_Dataset records_
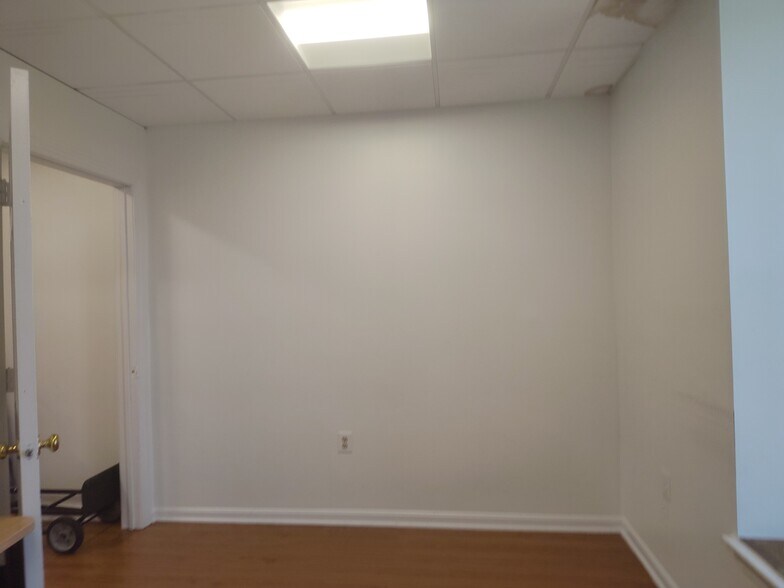 More Photos Of 50 S Pickett St, Alexandria Medical For Sale
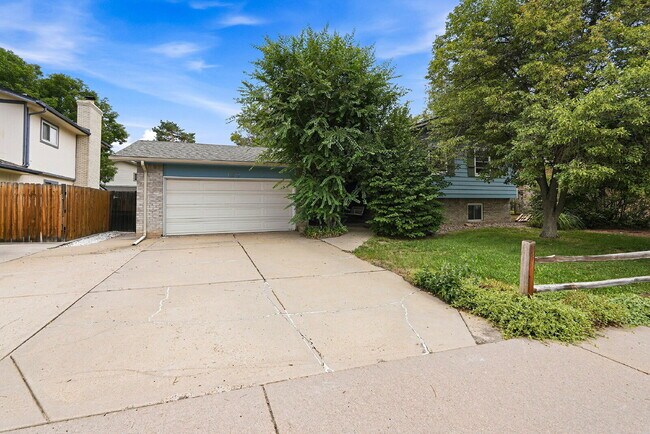 Building Photo - $3,195.95 - 4 Bed, 3 Bath Home in Thornton with Sun Room, Finished Basement & Fenced Backyard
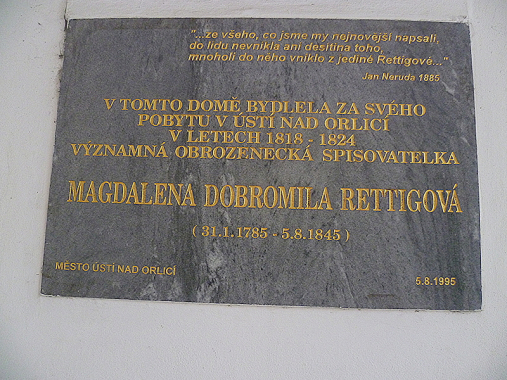 Pamětní deska Magdaleny Dobromily Rettigové v Ústí nad  Orlicí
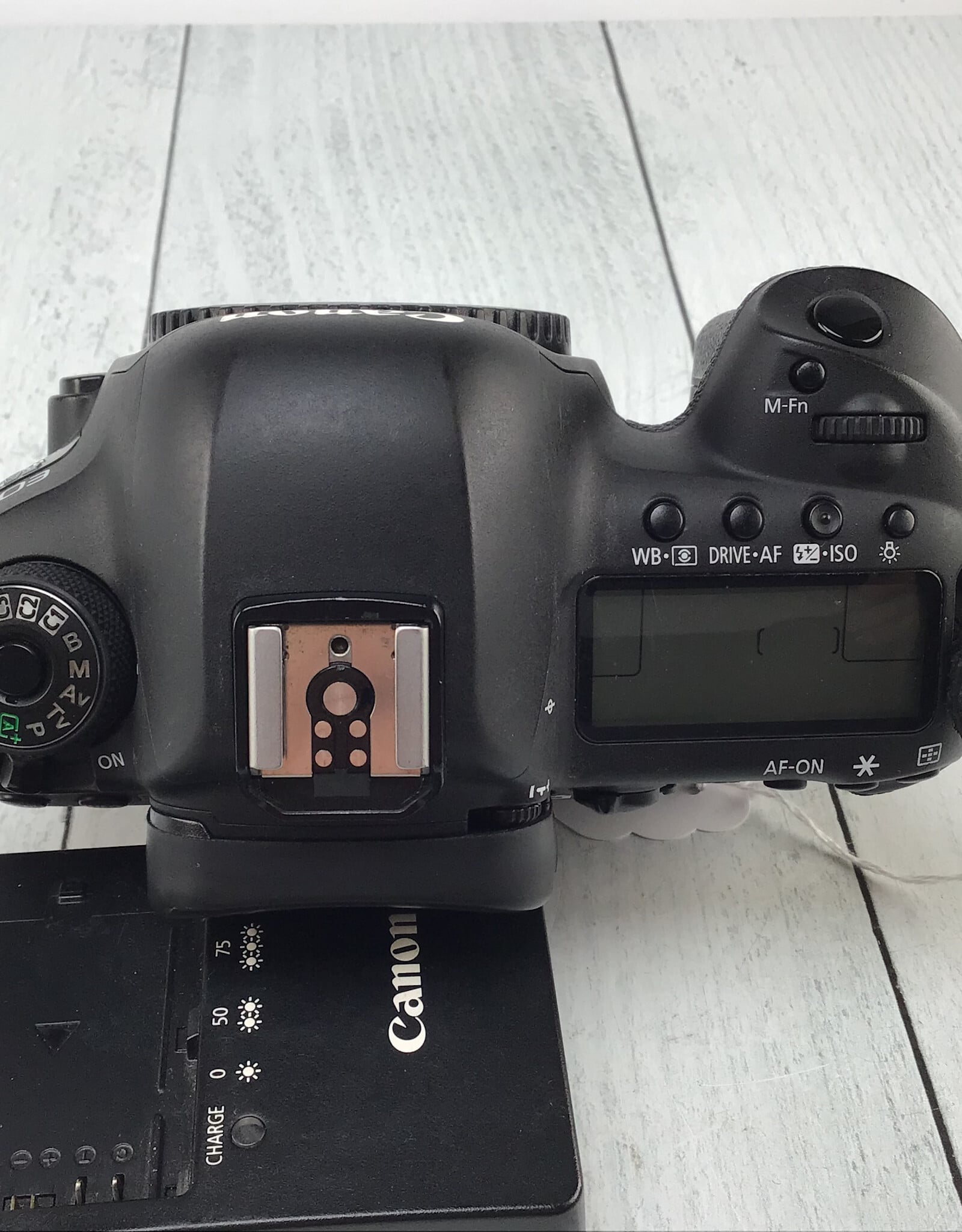 CANON Canon EOS 5D Mark IV Camera Body Used Good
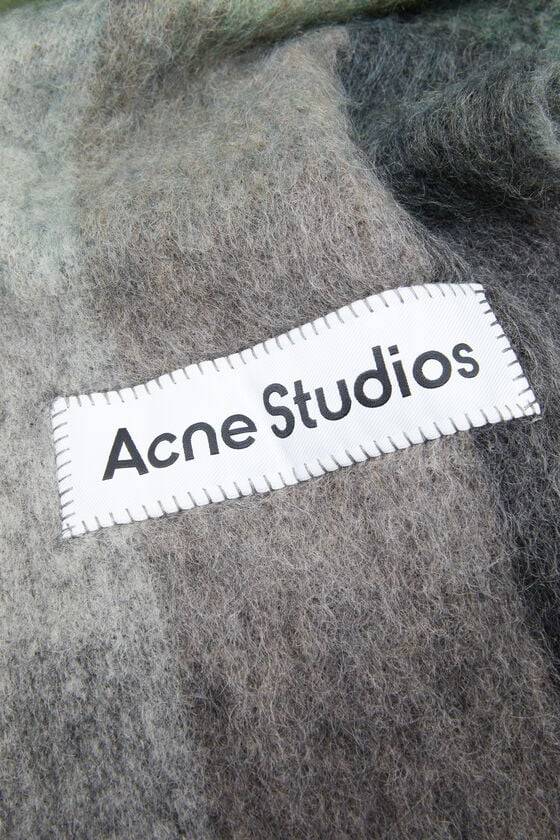 Acne Studios Karierter Schal aus Mohair Exklusivangebot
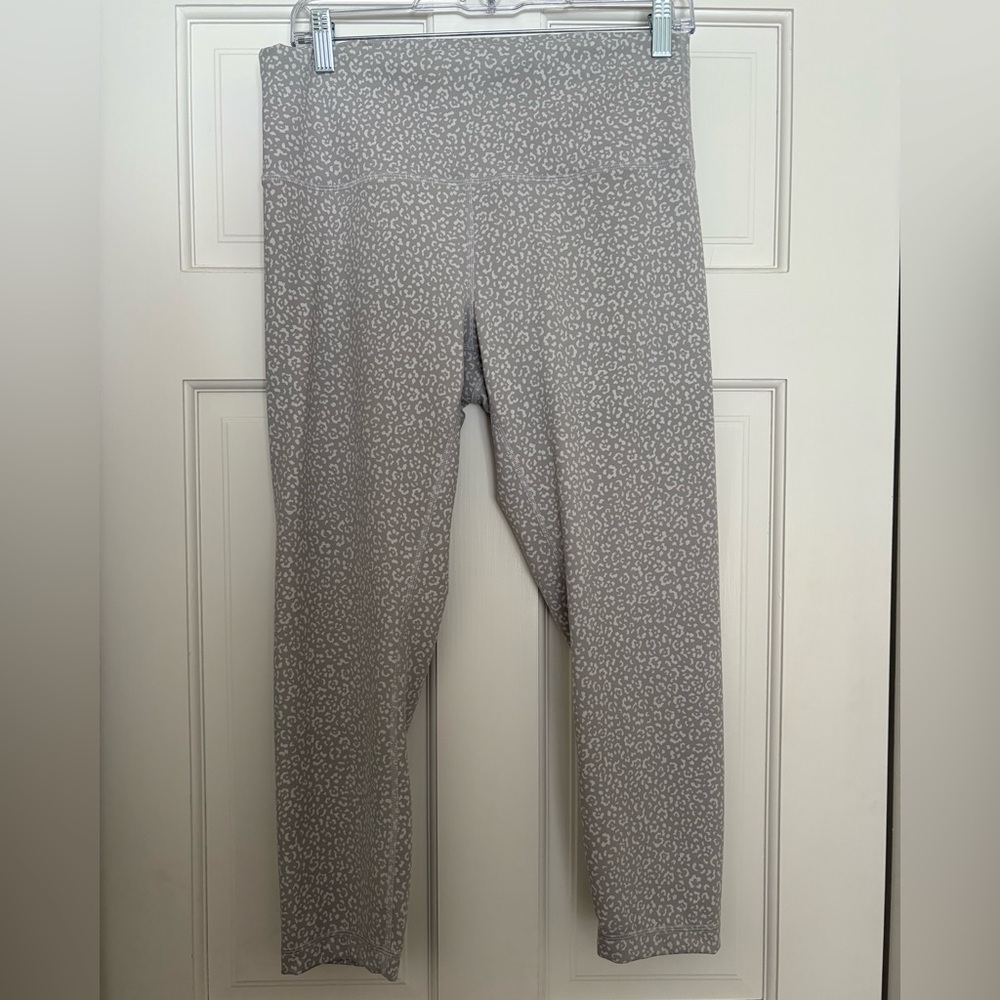 Lululemon Wunder Train 7/8 Leggings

_Work task_
The expected output is the complete listing, word for word, without any picture.

_Written solution_
 More Photos Of 50 S Pickett St, Alexandria Medical For Sale
 Building Photo - $3,195.95 - 4 Bed, 3 Bath Home in Thornton with Sun Room, Finished Basement & Fenced Backyard
 Pamětní deska Magdaleny Dobromily Rettigové v Ústí nad  Orlicí
 CANON Canon EOS 5D Mark IV Camera Body Used Good
 Acne Studios Karierter Schal aus Mohair Exklusivangebot
 Lululemon Wunder Train 7/8 Leggings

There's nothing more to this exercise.